GOP Tax plan is the Worst Jobs Bill Ever
With apologies to Benjamin Disraeli, there are three kinds of lies Republicans are telling about their tax plan: lies, damned lies, and f**king lies.
Constraints of space and time preclude listing them all, but here is a handful of the GOP's most farfetched falsehoods. For example, earlier this month House Speaker Paul Ryan (R-WI) repeatedly promised "it's a tax cut for everybody ... every single person, every rate payer, every bracket person gets a rate cut." When the Washington Post Fact Checker published a Four Pinocchio beat-down of this bunk, Ryan and Senate Majority Leader Mitch McConnell (R-KY) beat a hasty retreat. Despite the hemorrhage of red ink produced by the Reagan and Bush tax cuts, Trump White House economic adviser Gary Cohn bragged, We think we can pay for the entire tax cut through growth over the cycle," a point echoed by Treasury Secretary Steve Mnuchin on November 13. The 10-year, $1.5 trillion windfall for the wealthy will "not only ... pay for itself," Mnuchin boasted, "but it will pay down debt" as well. Unfortunately, analyses from the Congressional Budget Office (CBO), Joint Committee on Taxation (JCT), the Wharton School, the Tax Policy Center (TPC) and even the conservative friendly Tax Foundation (TF) concluded otherwise. And even without seeing the president's past tax returns, we know that Donald Trump was lying through his teeth when he said the GOP tax plan was "going to cost me a fortune" and that his own finances were "going to get killed in this bill."

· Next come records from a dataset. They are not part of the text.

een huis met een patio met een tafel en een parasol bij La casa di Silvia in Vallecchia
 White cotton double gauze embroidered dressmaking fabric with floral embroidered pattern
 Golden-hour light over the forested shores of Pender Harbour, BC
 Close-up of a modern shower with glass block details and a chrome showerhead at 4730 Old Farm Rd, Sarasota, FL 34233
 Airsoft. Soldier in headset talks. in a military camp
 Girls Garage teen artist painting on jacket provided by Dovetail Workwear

So, neither the House nor the Senate versions of the GOP's "Tax Cuts and Jobs Act" (TCJA) does a very good job of actually delivering tax cuts, except to corporations and the wealthiest people in America. But as it turns out, the TCJA doesn't do much to create jobs, either.
Of course, you'd never know it listening to Paul Ryan. On November 3, the speaker's website issued this update: "BREAKING: Analysis Finds House Tax Plan Would Create 890,000 New Jobs." Citing the analysis by the reliably right-leaning Tax Foundation, Team Ryan crowed that over the ensuing decade, the Tax Cuts and Jobs Act would result in "890,000 more full-time equivalent jobs, 3.5 percent increase in size of the U.S. Economy [and] 2.7 percent higher wages for workers. (The Tax Foundation's assessment of the Senate bill put the employment gain at 925,000 over 10 years.) On November 7, Ryan excitedly tweeted the jobs number again, this time conveniently rounding up:
Nearly 1 million new, full-time jobs will be created by the Tax Cuts & Jobs Act. See how many jobs will be created in your state.
Then on November 16, the same day the House of Representatives narrowly passed his Tax Cuts and Jobs Act, Speaker Ryan took to the floor to declare:
"Let me just break it down in simple numbers. The nonpartisan tax foundation ran the numbers. They said with this bill, we'll get faster growth, about 3.5 percent faster economic growth, 890,000 new jobs. They estimate that in New York state alone, 57,834 new jobs. Wisconsin: 17,999 new jobs. California: 101,422 new jobs. Texas: 74,037 new jobs."
Now, if you are experiencing a queasy sensation (or feeling, as James Comey might describe it, "mildly nauseous") because that jobs number seems pathetically low, that's because it is.